Il n'empêche : malgré les critiques du côté des communes et des départements, le chef de l'État a défendu, mordicus, la suppression de la taxe d'habitation sur les résidences principales et de la taxe sur le foncier bâti. En compensation de cette dernière, les conseils départementaux bénéficieront, comme les régions, d'une fraction de TVA.

"Si des électeurs vous reprochent cette baisse, faites-le moi savoir.
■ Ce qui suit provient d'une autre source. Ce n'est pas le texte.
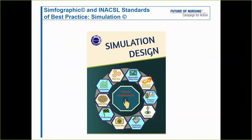One school actually has faculty select two different debriefing sessions from the entire year, and these are used in their evaluation as simulation faculty. The last planning element is evaluation — participants need to be evaluated, whether summative or formative. They also need to evaluate the facilitator: did they create a safe learning environment? And they need to evaluate the simulation itself, which helps identify areas that could be improved.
Vous aurez le droit d'empocher mes félicitations", a provoqué Emmanuel Macron. "Le payeur final de cette mesure, c'est l'État et ses économies", a-t-il encore asséné.

Le président de la République a par ailleurs promis "un nouvel aménagement de notre territoire", mais au lieu d'entrer dans le détail, il s'est fait le porte-parole de mesures déjà engagées ou en cours de mise en œuvre.

"Plan Action cœur de ville, agenda rural, France Services dans chaque canton, loi d'orientation des mobilités, Agence nationale de la cohésion des territoires...", a listé Emmanuel Macron. "Jamais n'avait été fait autant pour que la République porte la même attention de la capitale à nos villages, de nos grandes villes à nos villes moyennes !"

Après avoir "demandé collectivement le discernement", le chef de l'État a fait la morale aux maires : "Nous arrivons à un moment critique, je veux être jugé sur les actes". Et de recommencer son inventaire : 4 millions de lignes de fibre optique par an "pour être au rendez-vous du très haut débit en 2022", 1.000 nouveaux cafés, 42 quartiers de reconquête républicaine...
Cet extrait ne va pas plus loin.